**REQUIREMENT**
Below are records with pictures. Reproduce exactly the lines from the line with "verde oscuro Papel" to the line with "Kingwen 2x20 W", inclusive, and leave each picture out.

**SUPPLIED RECORDS**
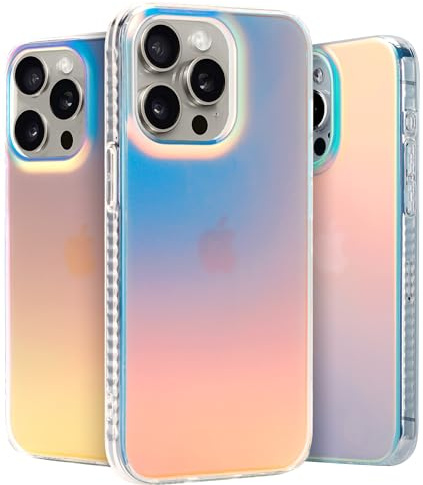 LONLI Hue - für iPhone 15 Pro Hülle - Iridescent - [Farbwechsel-Effekt] [Schutz vor 10 ft Fallhöhe] Stoßfeste Abdeckung - Niedlich und Einzigartig für Frauen und Mädchen (2023)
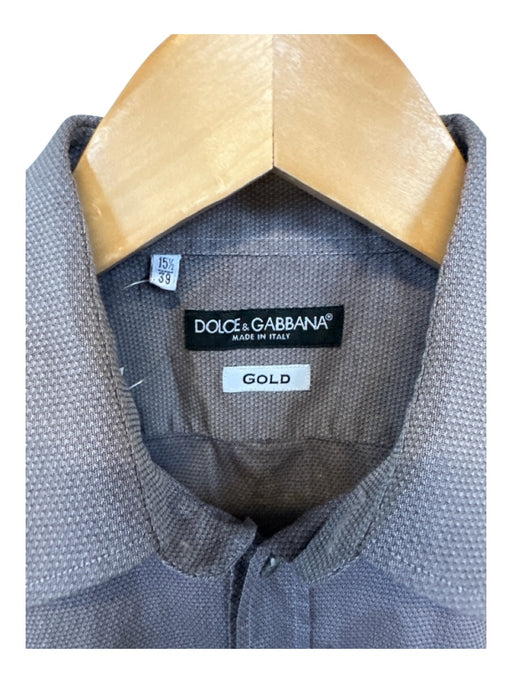 Dolce & Gabbana Size 15.5 Gray Cotton Button Down Men's Shirt 15.5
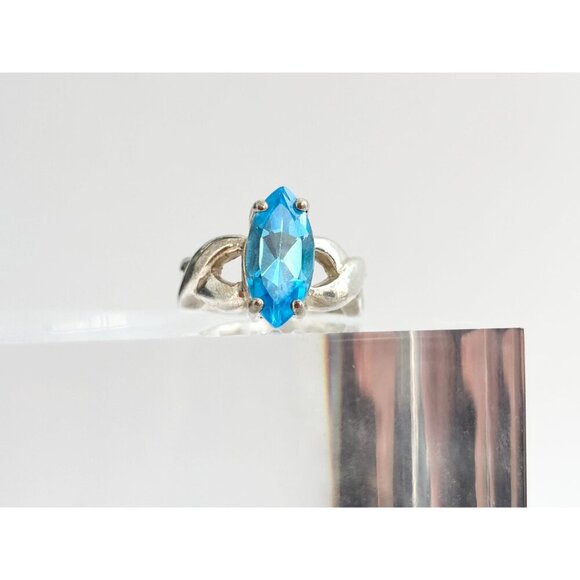 Marquise Cut Blue Topaz Solitaire Vintage Gemstone Braided Cocktail Ring sz 6.75 - Picture 5 of 10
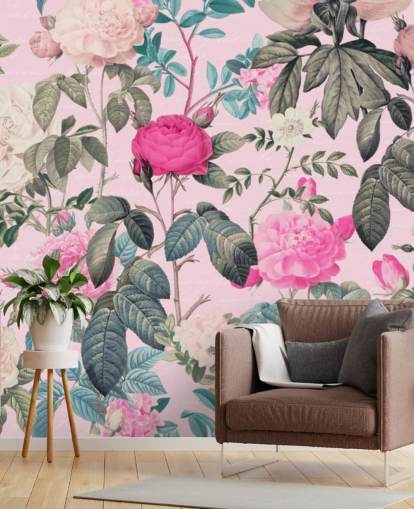 Papel pintado de fondo rosa pastel con rosas rosas y blancas y hojas verde oscuro Papel pintado de fondo rosa pastel con rosas rosas y blancas y hojas verde oscuro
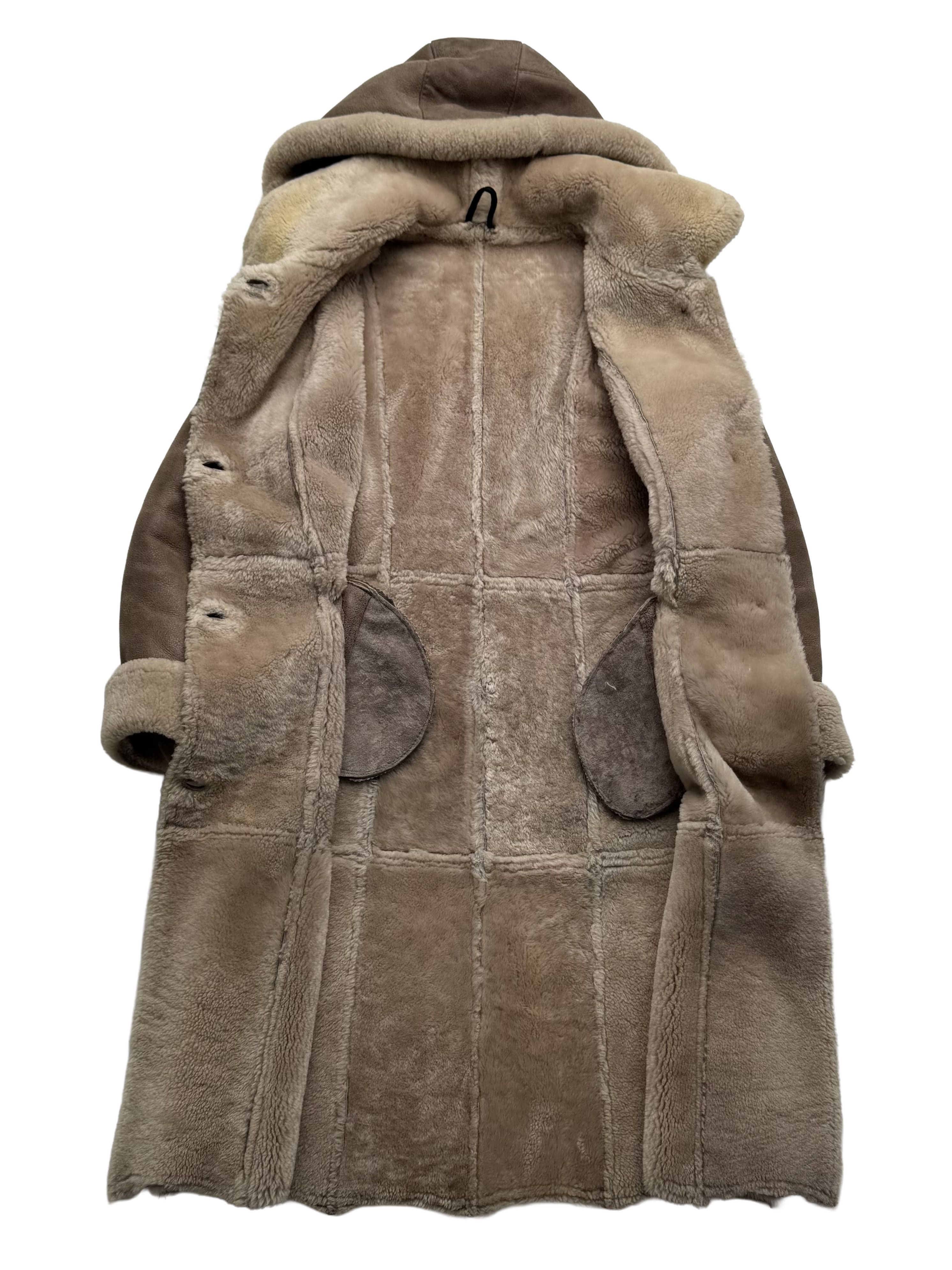 Vintage Vintage Sheepskin Shearling Coat Hooded Long Winter Jacket Size M / US 6-8 / IT 42-44 - 12 Thumbnail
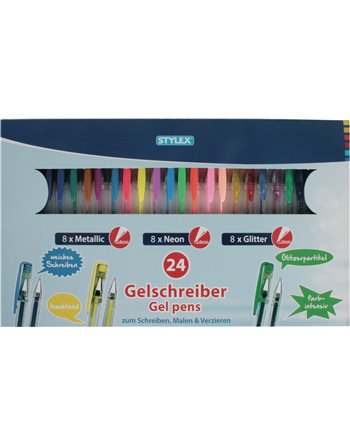 24 gelpennen ass. in geschenkverp.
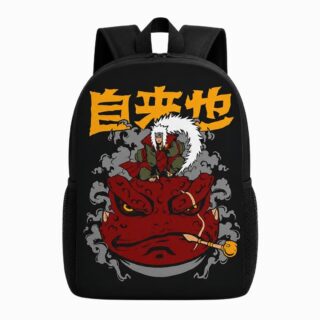 Un cartable Naruto Jiraya et Gamabunta noir avec Jiraya assis sur la tête du grand crapaud rouge, sur fond blanc.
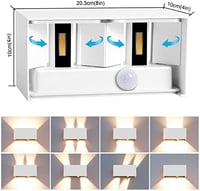 Kingwen 2x20 W LED fali lámpa mozgásérzékelővel fehér 3000 K meleg fehér IP65 állítható fényszög kültéri beltéri 2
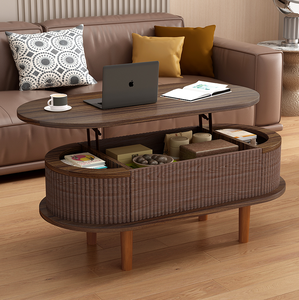 Mesa de Centro con Tapa Elevable y Compartimento Oculto, Mesa de Centro de Madera Moderna con Tapa Elevable Ovalada, Muebles Ecológicos para Sala de Estar - Product Image 6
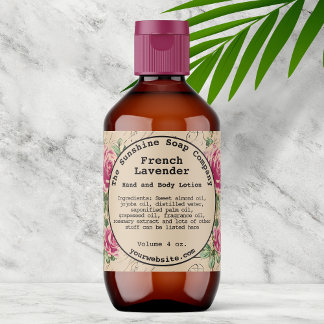 Étiquette Shabby Chic Vintage Floral Soap Cosmetics label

**EXERCISE ANSWER**
 Papel pintado de fondo rosa pastel con rosas rosas y blancas y hojas verde oscuro Papel pintado de fondo rosa pastel con rosas rosas y blancas y hojas verde oscuro
 Vintage Vintage Sheepskin Shearling Coat Hooded Long Winter Jacket Size M / US 6-8 / IT 42-44 - 12 Thumbnail
 24 gelpennen ass. in geschenkverp.
 Un cartable Naruto Jiraya et Gamabunta noir avec Jiraya assis sur la tête du grand crapaud rouge, sur fond blanc.
 Kingwen 2x20 W LED fali lámpa mozgásérzékelővel fehér 3000 K meleg fehér IP65 állítható fényszög kültéri beltéri 2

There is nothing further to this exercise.